-- Opening Marker --
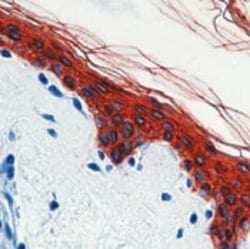 Abcam Mouse monoclonal [AE1/AE3] to pan Cytokeratin - BSA and Azide free,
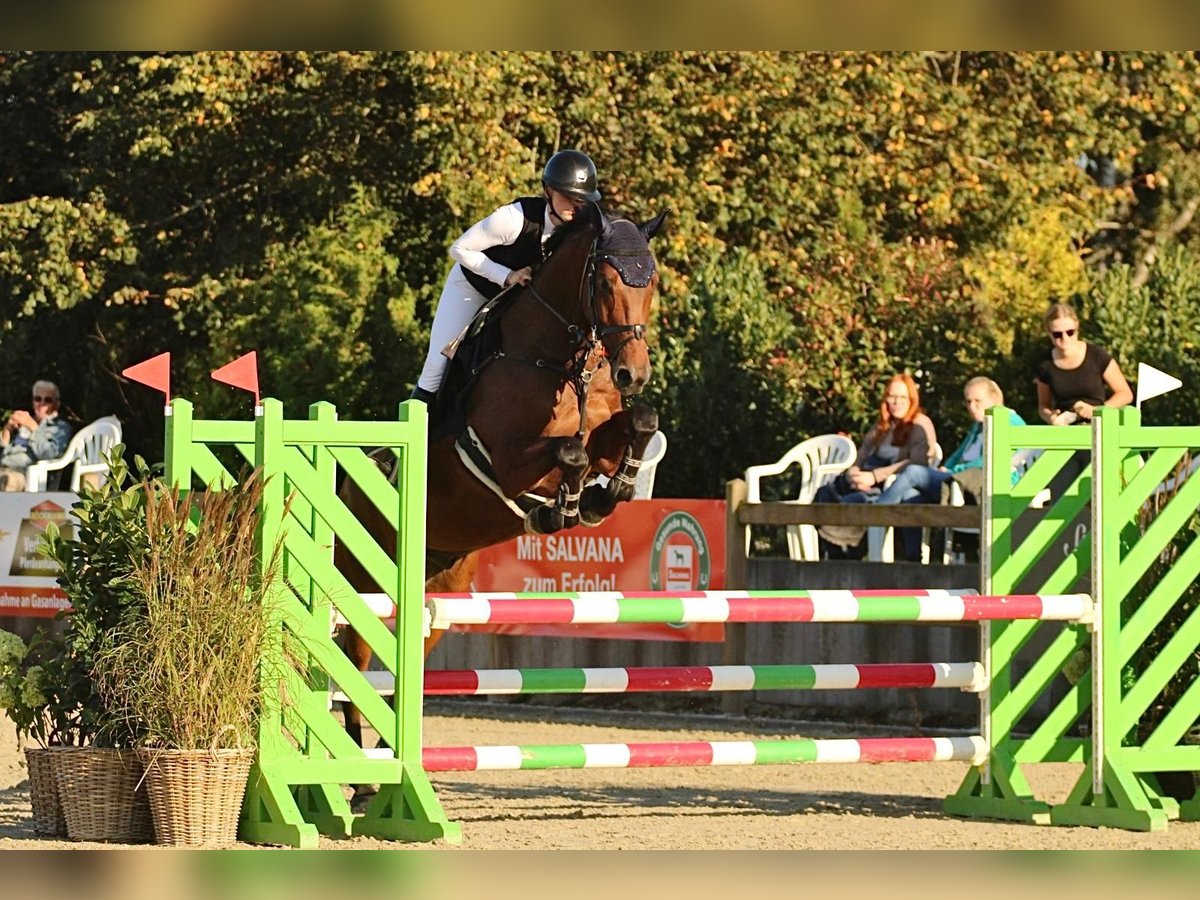Oldenbourg Hongre 11 Ans 173 cm Bai in Scharbeutz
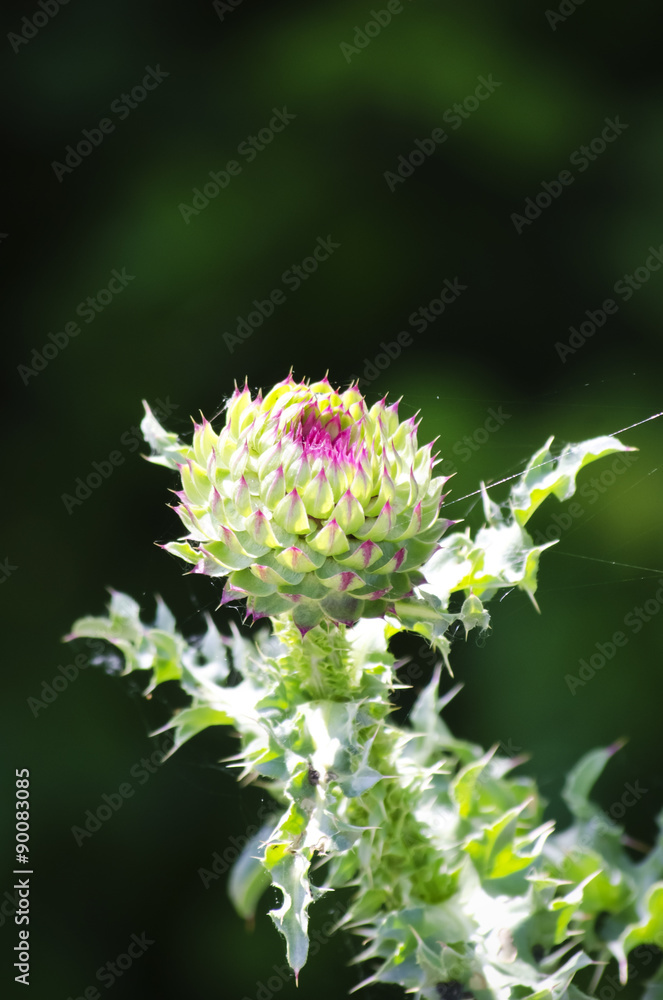 Bur Flower Bur Flower
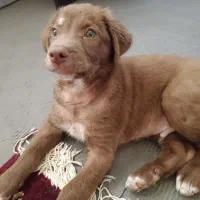 توله نر دو ماهه پیتبول امریکن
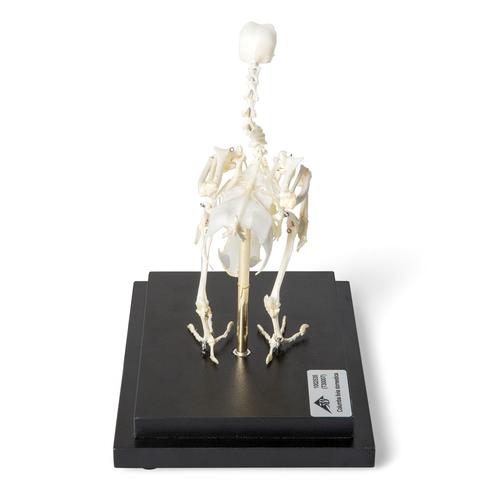 Esqueleto de paloma (Columba livia domestica), preparado, 1020982 [T300071], Pájaros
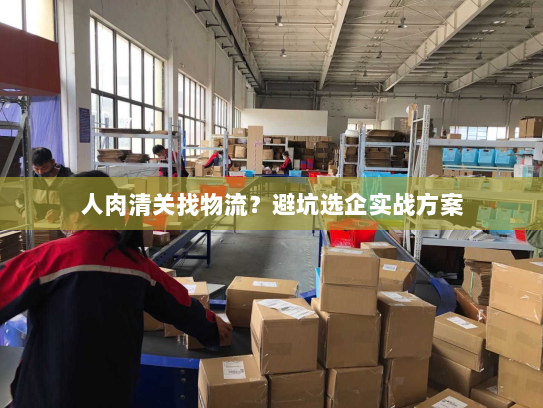 人肉清关找物流？避坑选企实战方案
-- Closing Marker --
Required work |
From the first line to the last, repeat the records exactly and skip the pictures.

Task output |
 Abcam Mouse monoclonal [AE1/AE3] to pan Cytokeratin - BSA and Azide free,
Oldenbourg Hongre 11 Ans 173 cm Bai in Scharbeutz
 Bur Flower Bur Flower
 توله نر دو ماهه پیتبول امریکن
 Esqueleto de paloma (Columba livia domestica), preparado, 1020982 [T300071], Pájaros
 人肉清关找物流？避坑选企实战方案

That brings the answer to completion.